**PROMPT**
In the material below, the required lines run from the one containing "ya Shiselweni Nunua" through the one containing "CHEVROLET EQUINOX 2020 - 3GNAXHEV3LS698028". Copy those lines exactly, ends included, and nothing else.

**DATA EXTRACTS**
....
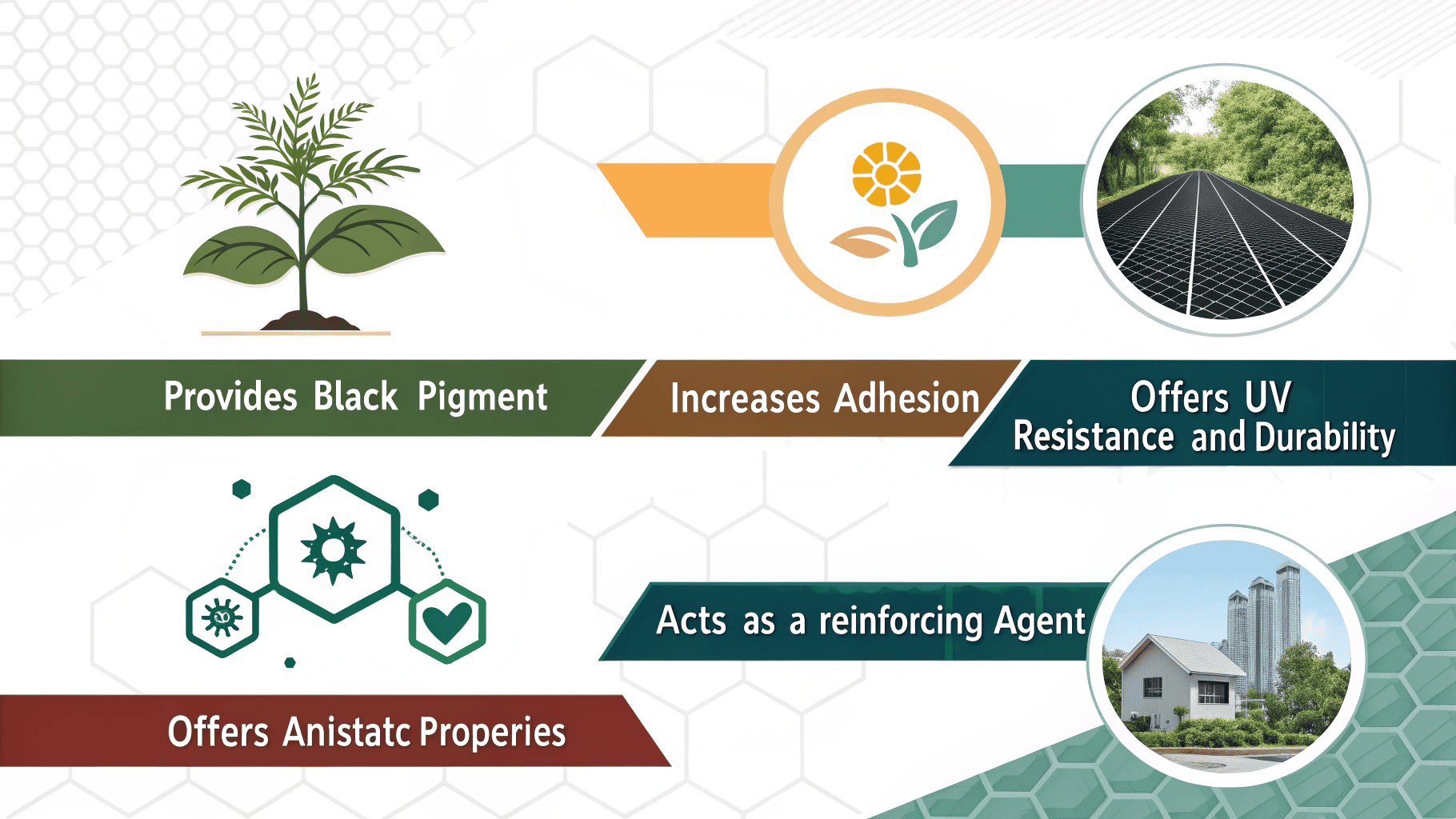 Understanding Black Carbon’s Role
....
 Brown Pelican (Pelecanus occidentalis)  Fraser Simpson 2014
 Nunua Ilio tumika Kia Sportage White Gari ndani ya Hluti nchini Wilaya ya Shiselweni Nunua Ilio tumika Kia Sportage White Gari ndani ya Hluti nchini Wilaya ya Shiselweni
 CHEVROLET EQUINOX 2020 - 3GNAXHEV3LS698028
....
**EXERCISE ANSWER**
 Nunua Ilio tumika Kia Sportage White Gari ndani ya Hluti nchini Wilaya ya Shiselweni Nunua Ilio tumika Kia Sportage White Gari ndani ya Hluti nchini Wilaya ya Shiselweni
 CHEVROLET EQUINOX 2020 - 3GNAXHEV3LS698028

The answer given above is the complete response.